I was raised around some men who would say, if you were brighter, that’s bad. If you had done things in your life, don’t boast, you know. If other people find out about it, that’s fine but don’t walk around, look at me, look at me stuff, okay. Then and now, okay. So, we knew each other for a long, long time and were married. She finally found all seven or eight movies, hundreds of fan letters in cardboard boxes, okay and came in the house. “What’s this?”
This is the 75th anniversary of Bambi, which is amazing to me. But going forward into the future, what do you see for Bambi? What do you hope it accomplishes in this world?
Peter: Well, very frankly one of my strongest feelings about the movie is the amazing fact that back in the 30s, Walt Disney was far ahead of his time in the environmental concerns. I think the movie is truly a very strong statement in favor of protecting the environment and with the concern that man was ruining it or even make it worse which unfortunately I personally believe.
It’s one of my strong beliefs that we have to do everything we can to keep it from getting worse. But it’s just, it’s a forward awareness and thinking that Walt obviously brought to the movie. He had to know what he was doing. I think it was very strong. And I think as time goes on perhaps that aspect of the movie will be –, will resonate and become even more important and more –.
The people will be more aware of that aspect of the film. At least I hope so.

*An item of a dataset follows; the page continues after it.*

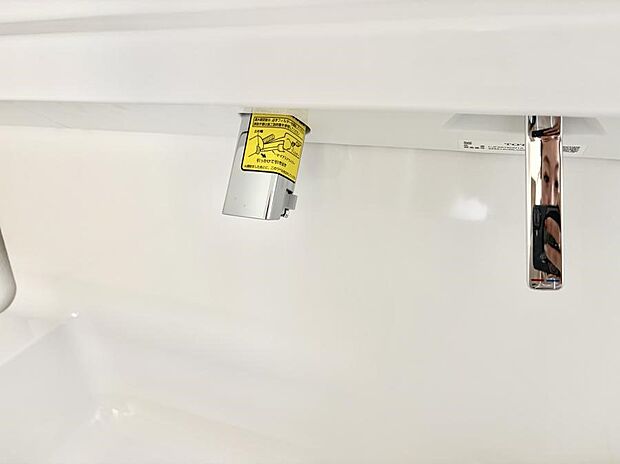 ■細かい部分まで洗いやすく便利なハンドシャワー付き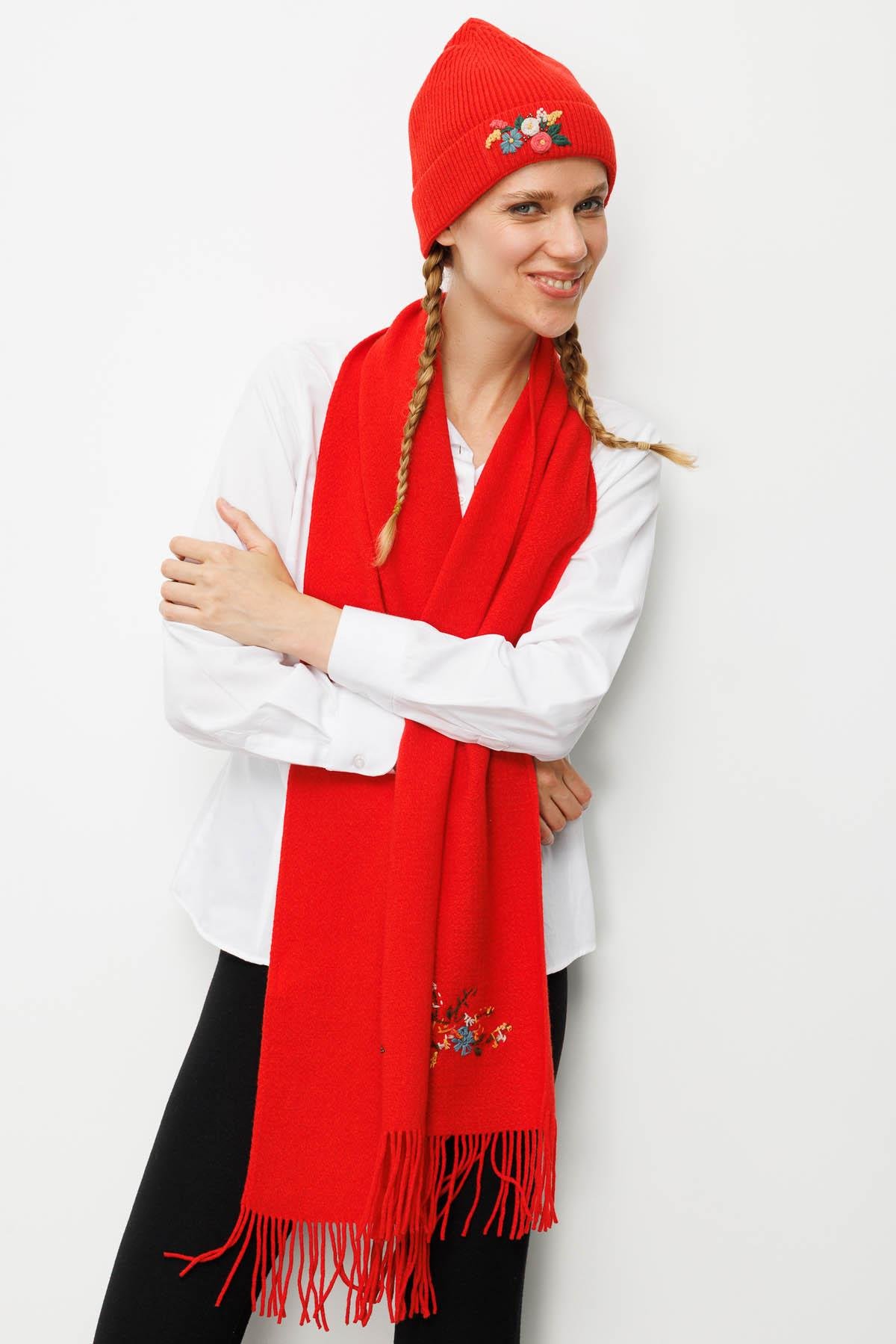 25071Kadın Tek Yanı Rokoko Nakış İşlemeli Yün Kaşkol Mercan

A very powerful message. And Donnie?
Donnie: If I live to be 1000 years old I couldn’t say it better than Peter did. The environmental profile, the forests, the reckless fire is spoken to by children in schools now. And I listen to them. And they pick up on that right away. Here’s an extension of Mr. Walt Disney’s Bambi, okay. I get one of these by children a month from all over the world.
And a couple I have, I can’t spell correctly you know. One a month minimum, Christmas time a couple more. And at least 2 ½ to 3 handwritten letters a week from children all over the world. To Disney who happens to be this old beat up fool back in the middle of West Texas, all right? To Disney, to Disney, to Disney, thank you, Disney, thank you Disney. If this doesn’t tell people that Bambi is forever, I’ll do push-ups in that parking lot for you.